TANJUNG SELOR - Tindak pidana yang menjerat Hasbudi (HSB) dan kawan-kawan, saat ini sudah beralih masa penahanan ke Pengadilan Negeri Tanjung Selor. Pelimpahan kasus tersebut, dari kejaksaan Negeri Bulungan, pada Selasa (19/7) lalu.
Kepala Seksi Tindak Pidana Umum (Kasi Pidum) Kejari Bulungan, Muhammad Sulaiman Mae mengatakan, kasus yang menjerat HSB dan Kawan-kawan sudah dilimpahkan ke pengadilan Negeri Tanjung Selor. "Kemarin sudah langsung kita limpahkan ke Pengadilan Negeri Tanjung Selor, dan tinggal tunggu persidangan, " Ungkapnya.
Saat ini, majelis hakim sudah di tunjuk, untuk proses persidangan lebih lanjut. Kejaksaan negeri Bulungan, masih menunggu menunggu penetapan sidang.
"Itu untuk perkara ilegal mining,sementara untuk perkara yang lain seperti tindak pidana pencucian uang (TPPU), itu belum ada. Kami baru terima perkara mining dan sudah dilimpangkan ke pengadilan,dan itu proses," Ujarnya.

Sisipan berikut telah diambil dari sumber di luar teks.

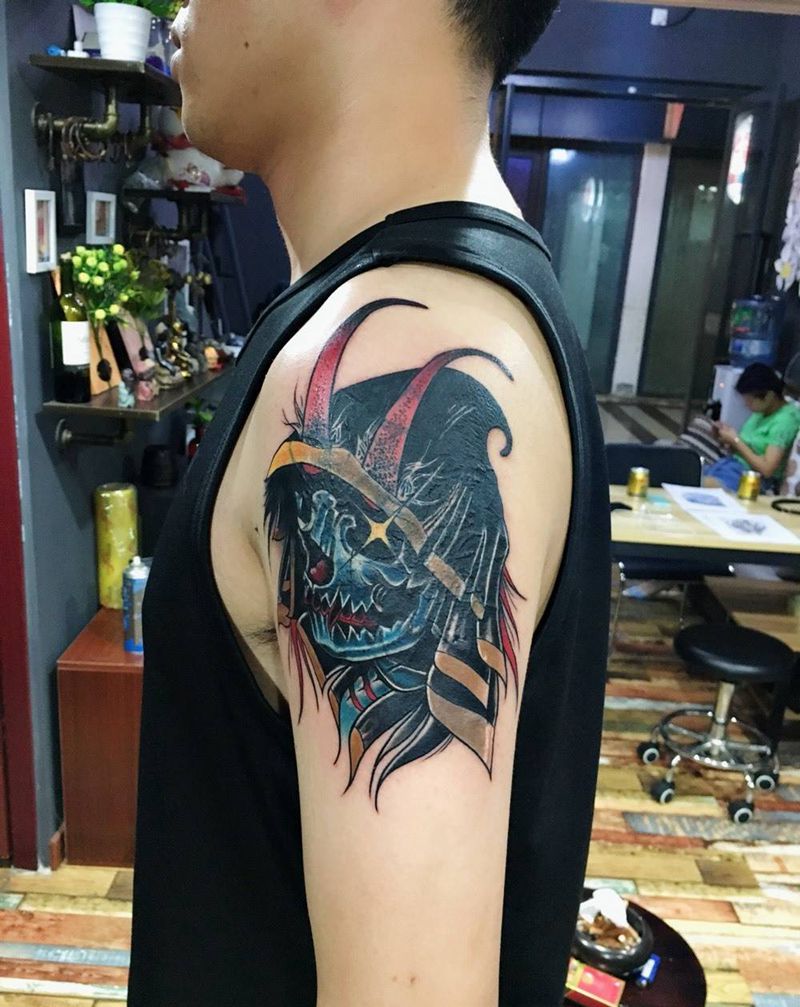 骷髅遮盖纹身图片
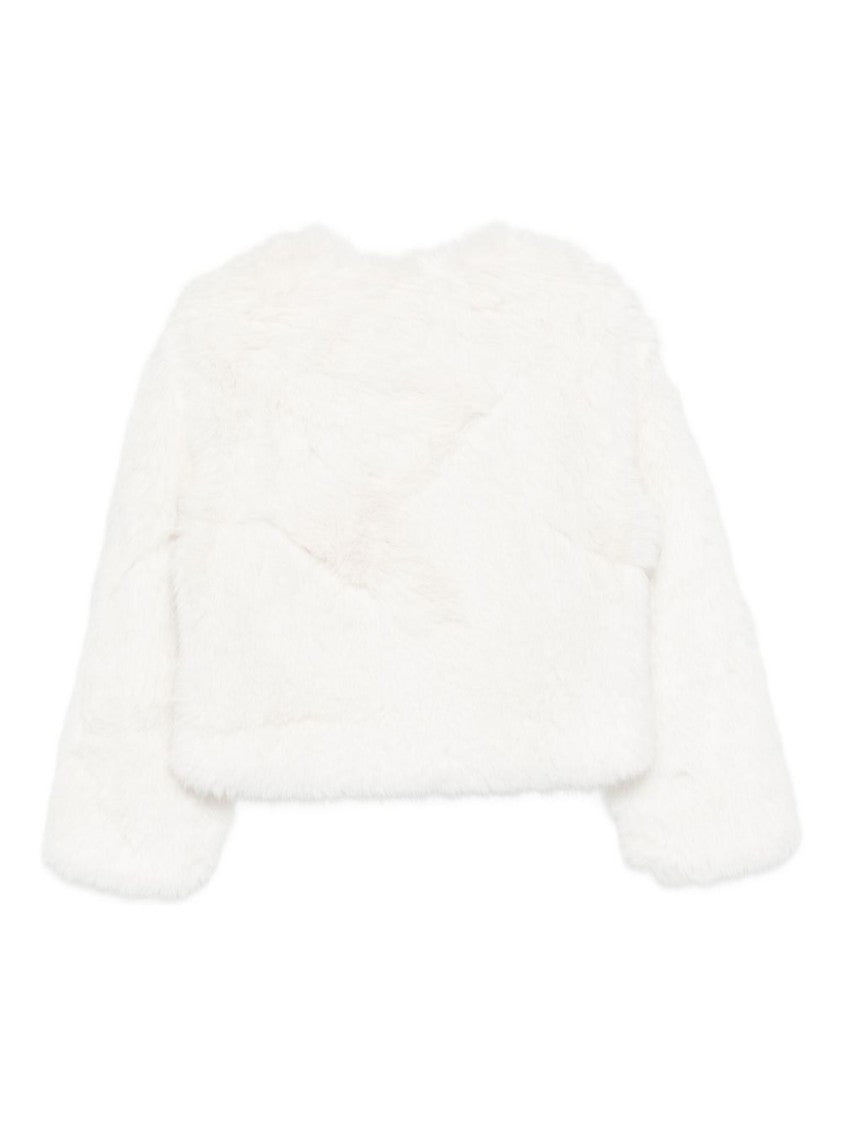 Blugirl Cropped Plush Coat With Round Neckline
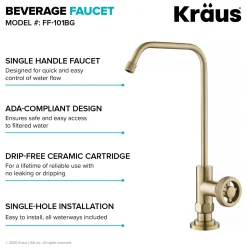 Online Urbix Drinking Water Dispenser Kitchen Faucet in Brushed Gold Single Hole|Water Filter Faucets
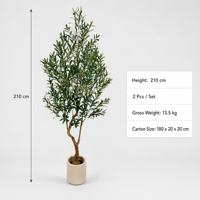 Arbre d'olivier artificiel réaliste de 2,1 m, tronc en bois naturel, feuilles vertes argentées, respectueux de l'environnement, décoration d'intérieur pour Thanksgiving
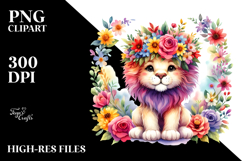Vibrant Flower Crown | Cartoon-Style Watercolor Clipart Product Image 2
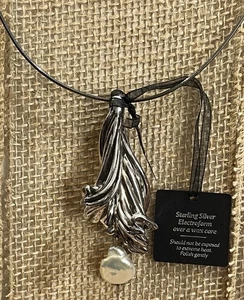 Collar Colgante E & L Esterlina 925 Electroforma Israel Flor Perla Barroca - Imagen 1 de 10
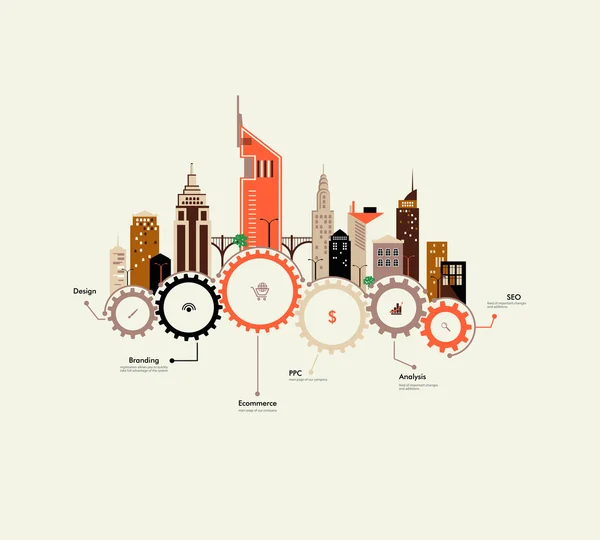 Stadt-Infografik — Stockvektor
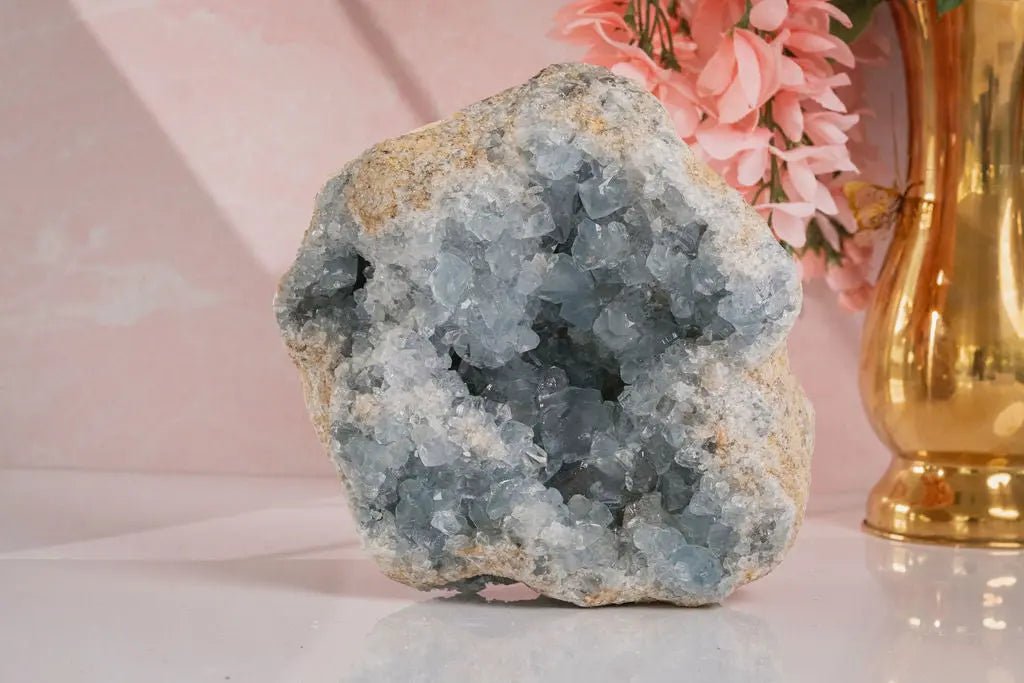 Large 12 LB Celestite Geode Display Piece - Amethyst Goddess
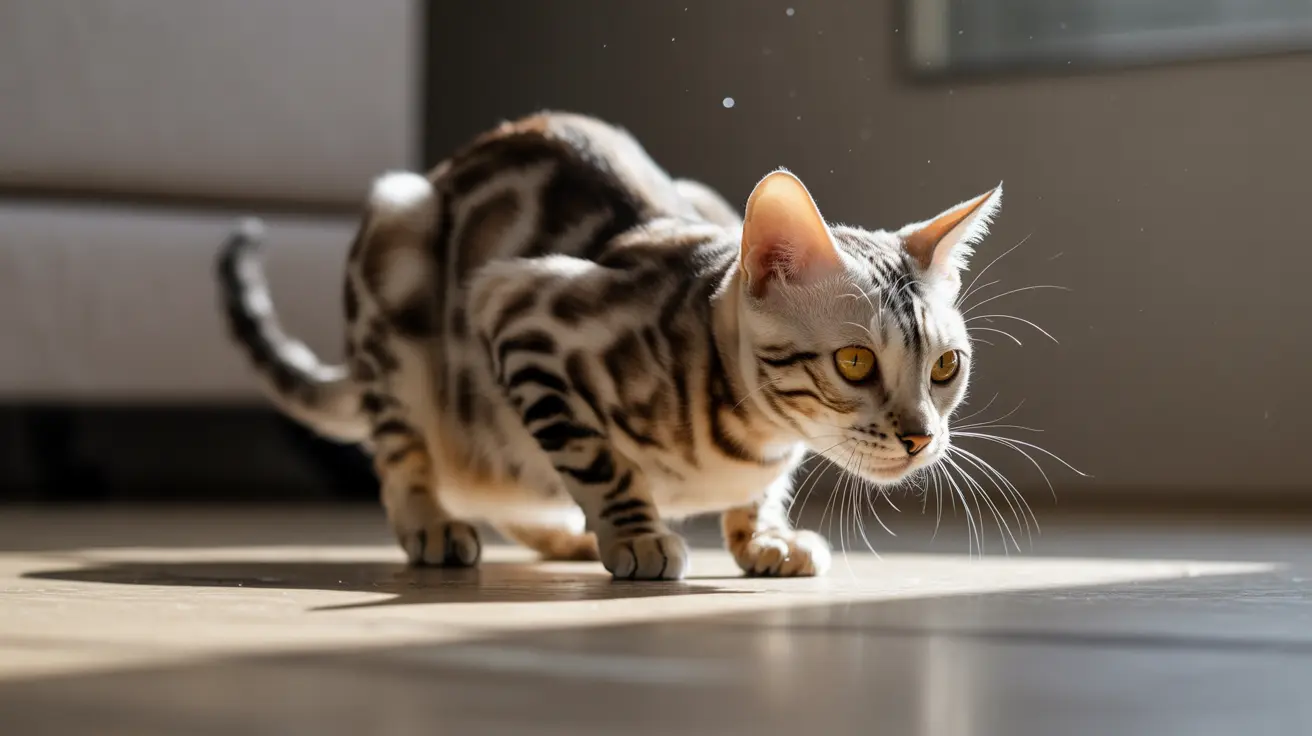 Bengal cat with spotted markings crouching on a tiled floor in a modern interior
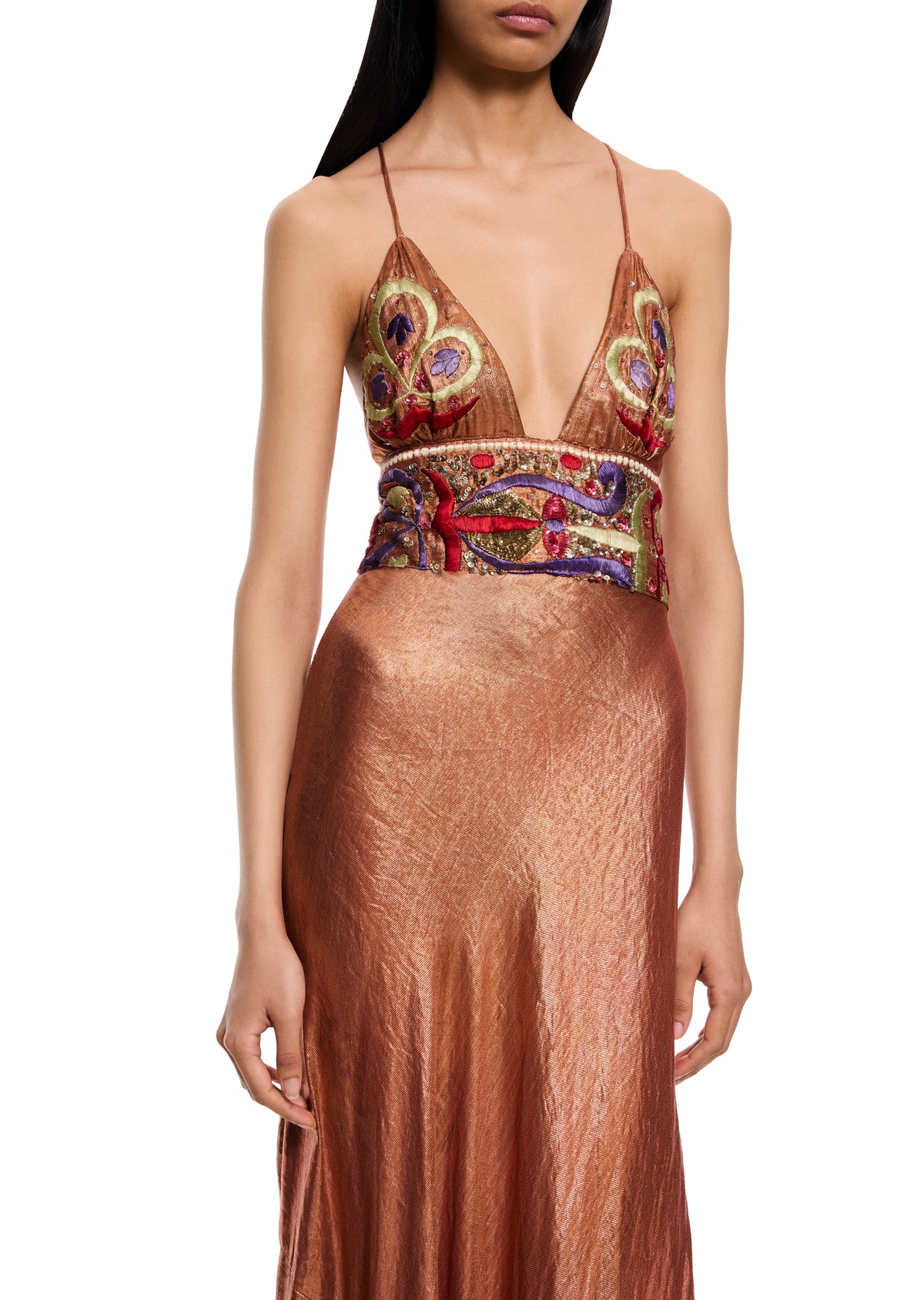 1930s Copper Orange Lamé Gown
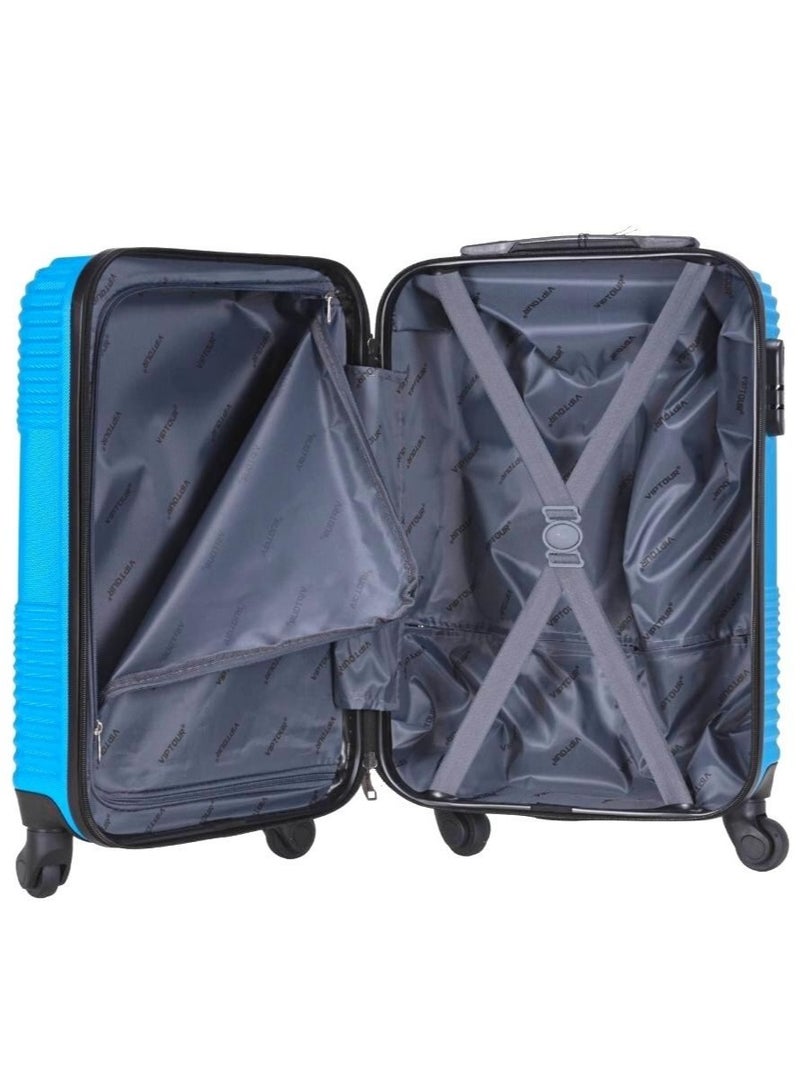 3-Piece ABS Hardside Trolley Luggage Set, Spinner Wheels with Number Lock 20/24/28 Inches - Blue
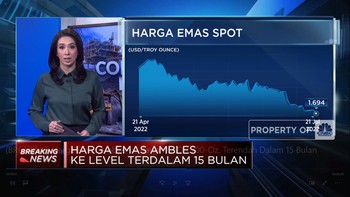Harga Emas Ambles ke Bawah USD 1.700/Oz, Terendah 15 Bulan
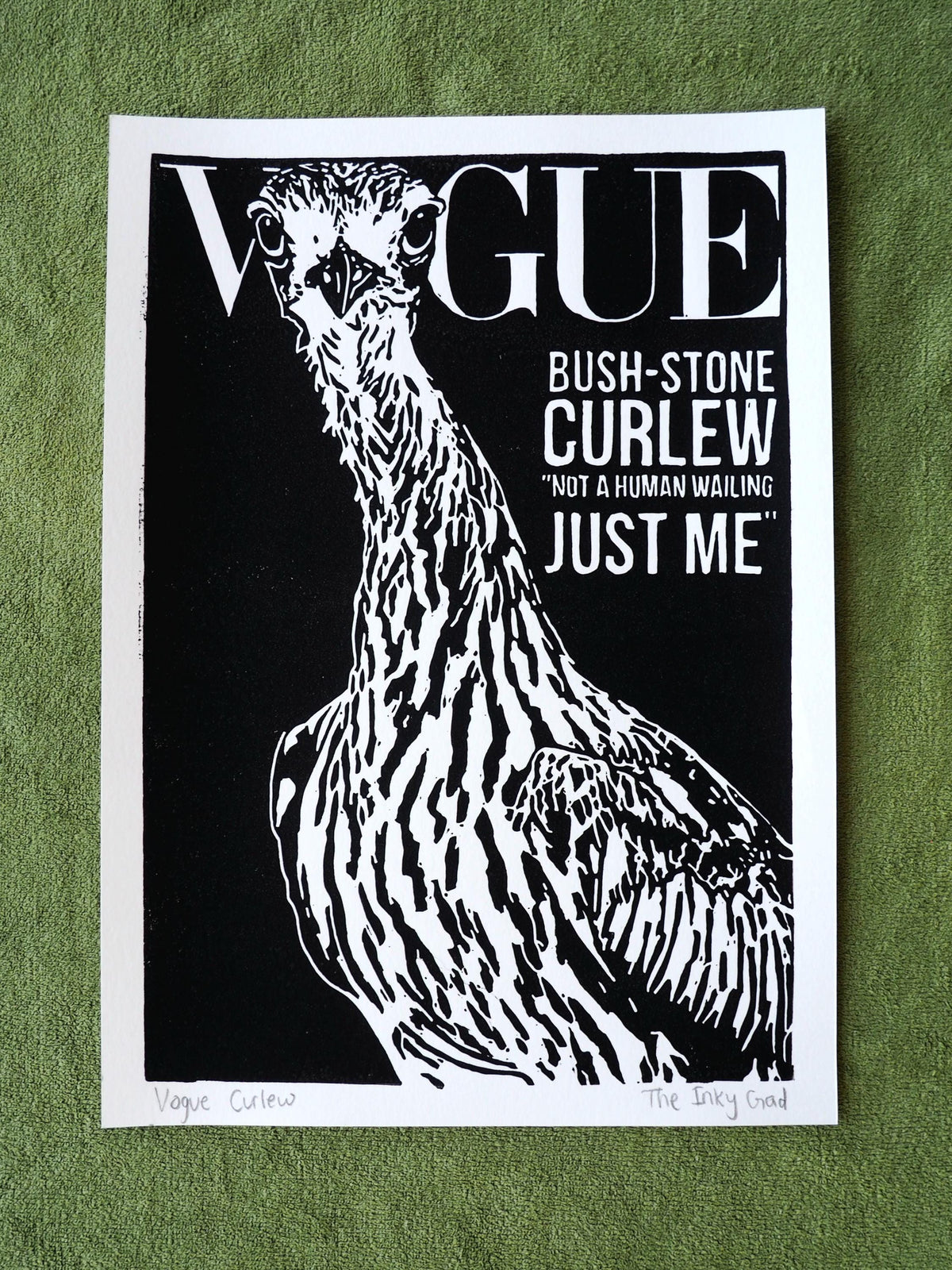 Vogue Curlew Linocut Print | Bush Stone-Curlew Australian Wildlife Art (Black & White)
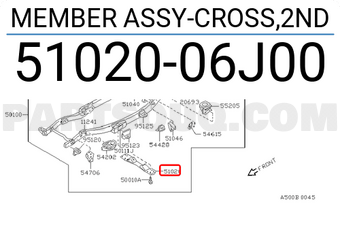 Nissan 5102006J00 MEMBER ASSY-CROSS,2ND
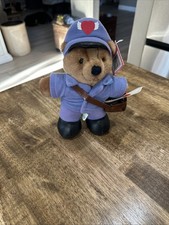 Vtg RARE Dakin Love Messenger Mail Man Pilot Brown Teddy Bear Blue Clothes Hat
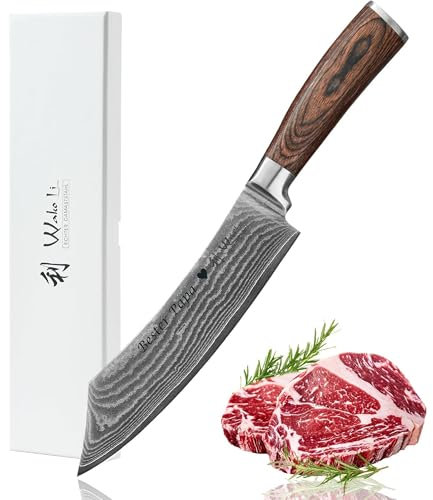 Wakoli EDIB Damast BBQ- und Blockmesser mit Gravur – Personalisiertes Messer, 20 cm Klinge aus 67 Lagen Damaststahl (VG10-Kern), Pakkaholzgriff – Scharfes Küchenmesser Geschenk, Geschenkverpackung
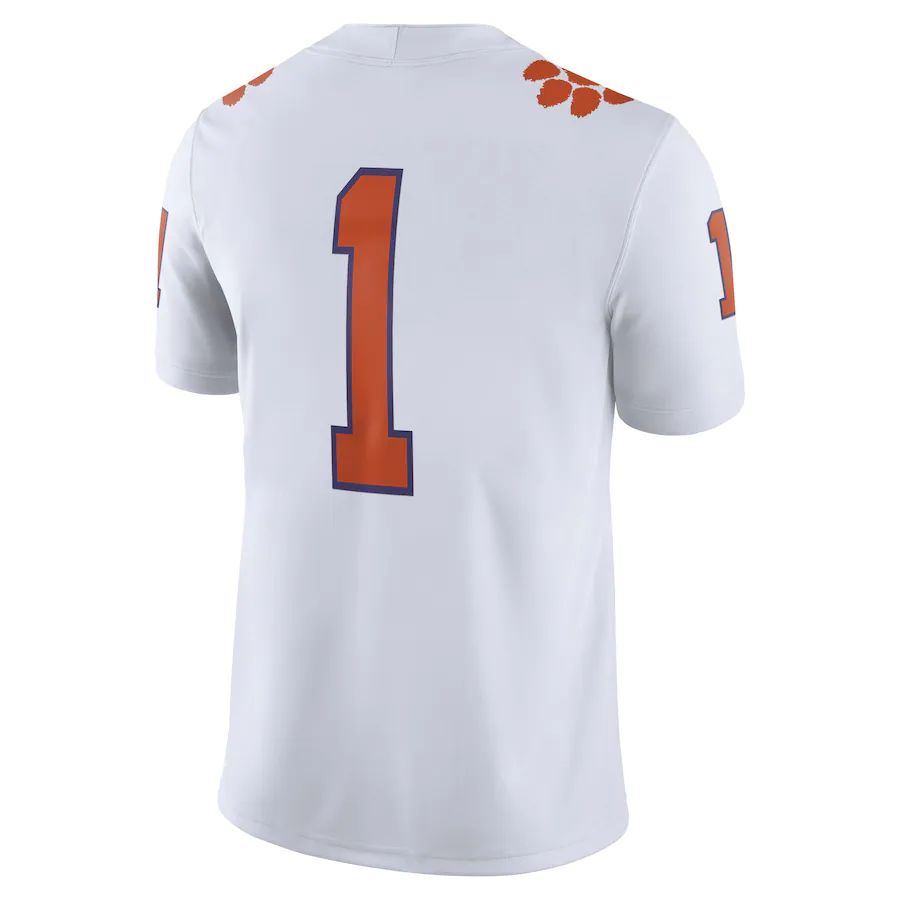 Rebec #1 C.Tigers Home Game Jersey  Football Jersey White Stitched American College Jerseys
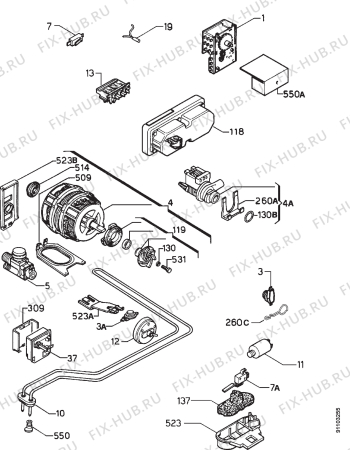 Взрыв-схема посудомоечной машины Zanussi ID4016S - Схема узла Electrical equipment 268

Sedangkan untuk sidang perkara yang lain,belum diketahui lokasi persidangannya. Kata dia,mengenai itu merupakan keweanngan penyidik dan akan dilihat pada dimana tindak pidana itu terjadi. Lalu, kemudian dilimpahkan ke wilayah hukum tersebut.
"Secara regulasinya memang begitu,jadi untuk penahanan HSB itu masuk kewenangan majelis hakim," Jelasnya lagi.
Kata dia, sejauh ini ketua PN Tanjung Selor telah menunjukan majelis hakim yang akan menyidangkan perkara itu. Sementara saat ini masih menunggu jadwal gelar persidangan kapan dilakukan.
"Untuk gelar sidang, masih menunggu penetapan dari majelis. Kami belum memggetahui dan sifatnya menunggu informasi,karena baru kemarin melimpahkan perkara ke pengadilan, "tuturnya.
Ketika tiba saatnya persidangan, kata Mae sapaan karibnya, kejaksaan akan membacakan dakwaan atau eksepsi. Terkait dengan usulan dari kuasa hukum HSB, yang berkeinginan supaya penahanan yang bersangkutan di kota Tarakan, kata dia sepanjang alasan itu berdasar, pihaknya akan melakukan itu.
"Tapi kan kita juga melihat efektifitasnya. Sementara ada perkara yang, lalu domisili para penyidik ada di Bulungan,jadi ada alasan yang memang harus ditempatkan disini," Tukasnya.
Dia katakan, sebelum pandemi covid-19, dari beberapa kasus mereka dilakukan penahanan di Polres Bulungan. Setelah endemi,maka penahanan kembali ke Tarakan. Ini dilalkukan bagian dari upaya untuk menghemat cost atau biaya. Dan juga ada keputusan bersama untuk dilakukan persidangan secara virtual selama masa pandemi Covid-19.(mts)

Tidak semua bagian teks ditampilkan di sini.